Intensità, recupero palla alto, cambi di gioco rapidi da una fascia all’altra, centralità delle corsie esterne, che sono la base da cui partono i rifornimenti per il centravanti. Detto così sembra tutto facile: ma facile non è. Oggi è un mese esatto che il Bologna va a scuola di Italiano: ma lo studente rossoblù, pur quanto animato da grande volontà, ha ancora bisogno di andare a ripetizione. A sua volta il docente Italiano avrebbe bisogno che la classe fosse già al completo, circostanza che fin qui non solo non si è mai realizzata ma che è ben lungi dal realizzarsi. Era l’8 luglio quando a Casteldebole l’allenatore rossoblù diramava una lista di ventiquattro convocati, fatalmente zoppicante e piena di rattoppi arrivati dalla Primavera.
Alla fine, tra baby rispediti a casa e titolari arrivati in corso d’opera, sono stati trentacinque gli effettivi che in questo mese hanno lavorato, tra Castedebole e Valles, ai concetti di gioco del nuovo allenatore. Ma tra infortuni, rientri tardivi (ancorché programmati) dalle vacanze post Europeo e nazionali impegnati ai Giochi di Parigi, il primo mese rossoblù di italiano è stato un tourbillon di porte girevoli che di certo non ha agevolato il lavoro di chi è chiamato ad attuare una difficile transizione.
Quantunque la scelta dei dirigenti rossoblù, dopo il voltafaccia dell’italobrasiliano, sia caduta su un allenatore che ha un sistema di gioco per certi versi simile a quello del suo predecessore, erano talmente codificate le giocate del Bologna di Thiago che sono bastate piccole variazioni sul tema, nel contesto di un gruppo ancora incompleto, per rendere indigesto l’apprendimento dei nuovi concetti, come si è visto nelle due amichevoli toste della Val Pusteria, che hanno portato in dote al nuovo allenatore il fardello di sette reti subite in 150 minuti: 3 dai greci dell’Asteras e 4 dai tedeschi del Bochum.

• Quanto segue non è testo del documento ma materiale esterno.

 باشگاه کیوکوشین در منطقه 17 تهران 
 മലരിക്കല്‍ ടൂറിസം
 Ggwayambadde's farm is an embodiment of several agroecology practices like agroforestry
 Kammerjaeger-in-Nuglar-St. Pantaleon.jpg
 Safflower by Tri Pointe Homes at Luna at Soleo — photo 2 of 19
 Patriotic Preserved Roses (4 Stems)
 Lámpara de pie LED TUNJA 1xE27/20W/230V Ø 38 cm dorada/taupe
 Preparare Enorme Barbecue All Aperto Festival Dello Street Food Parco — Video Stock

Intendiamoci: nulla di irreparabile e, soprattutto, nulla che non fosse stato preventivato. A Casteldebole avevano messo in conto che il trapianto del calcio di Italiano sul telaio di Motta, al netto dei tanti volti cambiati in rosa, potesse andare incontro, almeno all’inizio, a una fase di rigetto. Succede quando hai ancora nella testa un calcio giocato a memoria e portatore di successi e devi in parte modificarlo con accorgimenti tattici nuovi, com’è peraltro naturale che sia quando arriva un nuovo allenatore che ha tutto il diritto di portare le sue idee di calcio.
Italiano, fin qui, molto intelligentemente, non ha stravolto l’impianto del suo predecessore. Anzi ha sempre rimarcato, con la riconosciuta umiltà di un tecnico che viene dalla gavetta, di voler ripartire dall’ottima base del Bologna di Motta. Poi però ha fatto, e sta facendo, l’allenatore: ovvero il demiurgo che ha la legittima pretesa di incidere. Ovvio che per Beukema guidare la difesa (una difesa fin qui resa incompleta dal sostituto di Calafiori che da un mese manca) nel contesto del ‘blocco basso’ di Motta non è la stessa cosa che farlo nella linea alta su cui sta lavorando Italiano. Stesso concetto, mutatis mutandis, per il centravanti: fare tabula rasa della regia offensiva di Zirkzee e considerare il centravanti, Castro o Dallinga che sia, come semplice terminale offensivo non è un passaggio immediato. Con un mese di lavoro alle spalle e ad appena dieci giorni dal debutto in campionato, il docente Italiano qualche problema ce l’ha. Un motivo in più perché Sartori e Di Vaio gli completino in fretta la classe.